Process (Step-by-Step)

Initialization Phase:
- Load agent configuration from database (AgentConfig table)
- Validate inputs (identifier format, time window)
- Initialize rate limiters for each search source
- Check search source availability (health checks)
- Initialize browser instances (if JavaScript rendering enabled)
Configuration Resolution:
- Merge system defaults, agent config, and runtime overrides
- Resolve API keys from environment or secure storage
- Load search source configurations
- Validate search source configurations
Query Retrieval Phase:
- Retrieve queries from database (generated by Query Strategy Agent)

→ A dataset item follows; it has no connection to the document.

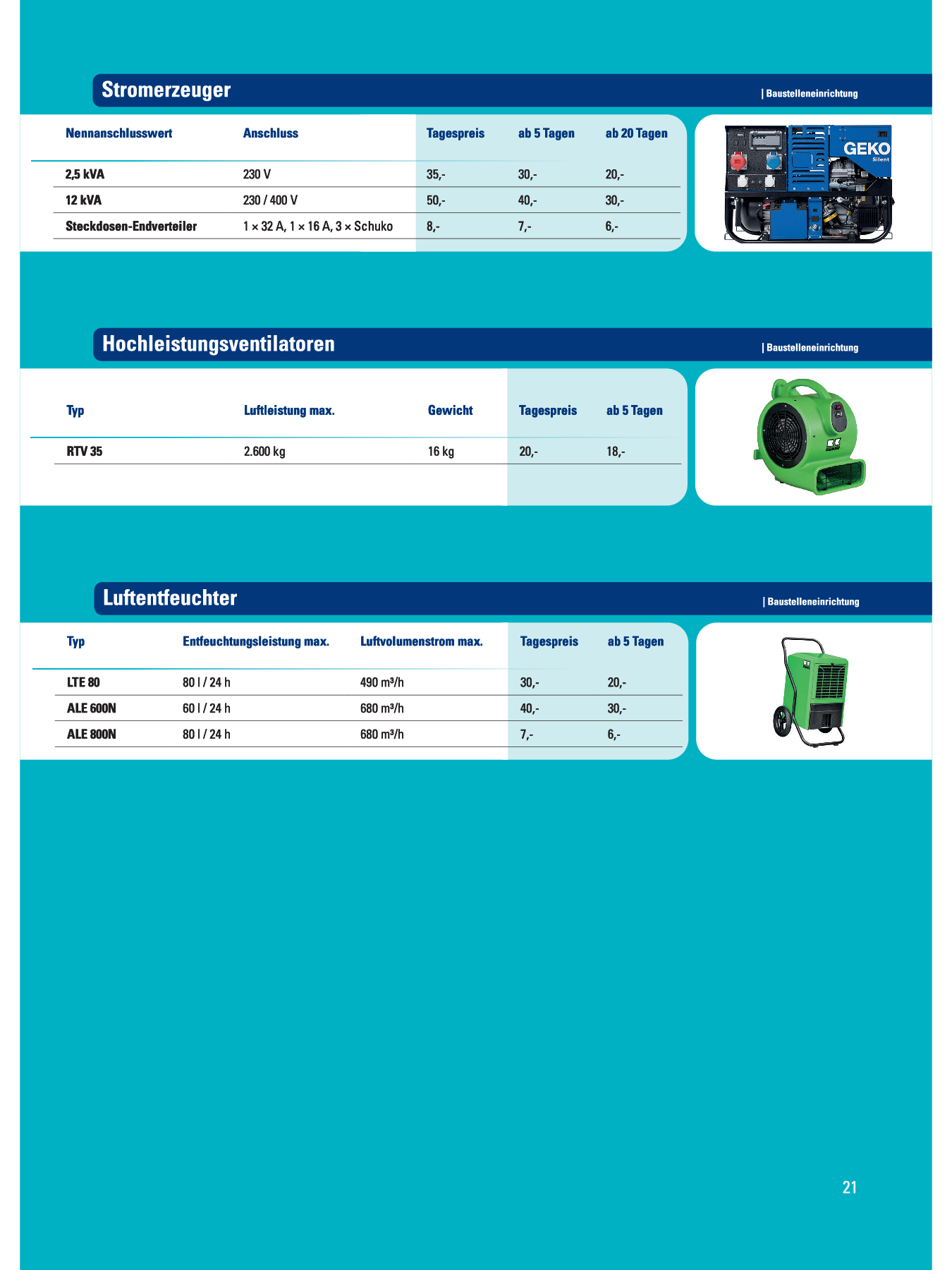 Bauwagen, Container, Containex, Bauzaun, Bauzäune, Lichtmasten, Stromerzeuger, Ventilatoren, hochleistungsventilatoren, luftentfeuchtet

- Filter queries by identifier and time window
- Filter by query types (news, socialMedia, web) if configured
- Prioritize queries based on configuration
- Limit queries per search source if configured
Search Query Phase (parallel across search sources):

For each enabled search source and each query:
- Check rate limits (skip if exceeded)
- Construct API request based on source configuration
- Authenticate request (API key, OAuth, etc.)
- Execute search query
- Parse response using configured response mapping
- Extract URLs, titles, snippets from search results
- Collect all search result URLs for web fetching
Web Page Fetching Phase (parallel):

For each unique URL from search results:
- Check robots.txt if enabled
- Check if URL is in blocklist/allowlist
- Fetch HTML content (HTTP request or headless browser if JS needed)

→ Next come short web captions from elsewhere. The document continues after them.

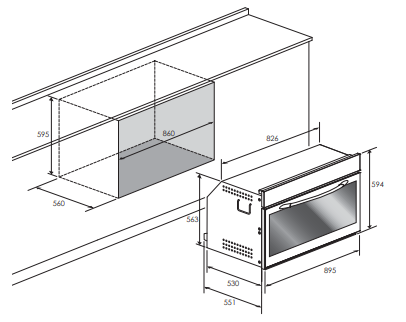 Conti Built in Gas Oven 90cm 125 Liter - Inox
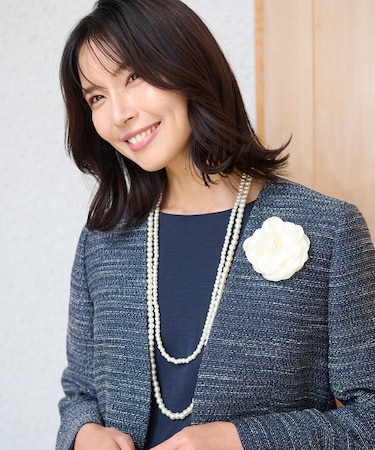 【コサージュ付】二連パールロングネックレス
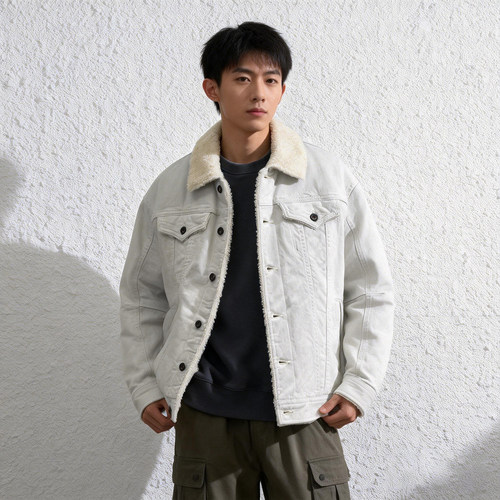 ABLE，JEANS仿羊羔绒休闲棉服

- Extract main content (remove ads, navigation, etc.)
- Extract metadata (title, author, date, etc.)
- Handle errors and retries
- Store raw HTML if configured
Processing Phase:

6a. Filtering:
- Filter by content length (min/max)
- Filter by domain (blocklist/allowlist)
- Filter invalid or empty content
6b. Deduplication:
- Compare by URL (exact match)
- Compare by title similarity (fuzzy matching)

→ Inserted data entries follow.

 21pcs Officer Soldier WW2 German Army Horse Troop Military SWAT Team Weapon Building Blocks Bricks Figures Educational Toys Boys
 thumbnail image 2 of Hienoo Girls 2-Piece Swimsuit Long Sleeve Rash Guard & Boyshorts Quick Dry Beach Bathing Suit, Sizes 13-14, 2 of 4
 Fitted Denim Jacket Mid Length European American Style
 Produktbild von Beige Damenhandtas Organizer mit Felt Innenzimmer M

- Compare by content similarity (if enabled)
- Use AI for fuzzy content matching if enabled
- Mark duplicates and keep highest quality version
6c. Optimization:
- Normalize whitespace
- Compress HTML if configured
- Extract and normalize metadata
- Detect language
- Calculate word count and content length
Storage Phase:
- Save all processed items to DataSource table
- Store raw HTML if configured
- Link to identifier, query ID, and collection timestamp
- Update search source health status
- Store query performance metrics (for Query Strategy Agent feedback)
Error Handling:
- Log all errors with context (source, query, URL)
- Retry failed requests (up to max retries)
- Disable search sources that exceed max errors
- Send notifications for critical failures
- Continue processing other items on error
Return Phase:
- Aggregate all collected data
- Calculate metadata (counts, timing, errors)
- Return structured output to scheduler